Now we study the distribution of a fastest strong stationary time for a strongly ergodic birth and death process. A strong stationary time (SST) is a randomized stopping time τ for (X _t ) such that X _τ has the distribution π and is independent of τ.

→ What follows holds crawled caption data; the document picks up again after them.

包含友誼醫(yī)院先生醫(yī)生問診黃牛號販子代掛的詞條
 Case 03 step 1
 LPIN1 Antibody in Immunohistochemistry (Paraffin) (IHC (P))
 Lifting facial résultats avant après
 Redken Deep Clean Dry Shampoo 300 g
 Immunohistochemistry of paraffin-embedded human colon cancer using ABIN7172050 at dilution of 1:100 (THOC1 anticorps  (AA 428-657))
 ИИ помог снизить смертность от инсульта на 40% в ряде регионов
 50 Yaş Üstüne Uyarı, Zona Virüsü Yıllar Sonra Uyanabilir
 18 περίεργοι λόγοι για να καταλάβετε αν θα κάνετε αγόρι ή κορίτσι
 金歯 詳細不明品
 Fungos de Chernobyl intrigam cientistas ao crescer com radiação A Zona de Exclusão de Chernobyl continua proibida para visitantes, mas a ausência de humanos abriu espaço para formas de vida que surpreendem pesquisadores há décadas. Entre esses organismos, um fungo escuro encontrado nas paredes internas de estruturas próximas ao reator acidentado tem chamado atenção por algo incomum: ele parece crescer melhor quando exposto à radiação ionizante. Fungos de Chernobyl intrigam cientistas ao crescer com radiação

With the aid of Theorem 4.6 and a duality established in [9], we can obtain the following result, which extends the result in [11, Theorem 1.4(a)] in the special case of a birth and death chain to the denumerable case.

Theorem 6.2

For a strongly ergodic birth and death process (i.e., R=∞,S<∞) started at state 0, any fastest SST τ has distribution

$$\mathbb{E}e^{-s\tau}=\prod_{\nu=1}^\infty \frac{\lambda_\nu }{s+\lambda_\nu },\quad s\ge0, $$

where {λ _ν :ν≥1} are the positive eigenvalues of −Q, and Q is the generator in (1.1).

Proof

We follow an argument in [9, Sect. 3.3] with minor modifications. Let

$$H_i:=\sum_{j\le i}\mu_j,\quad i=0,1,2,\ldots. $$

Then 1=H ₀≤H _i ≤∑ _k μ _k =μ<∞ for i=0,1,2,… .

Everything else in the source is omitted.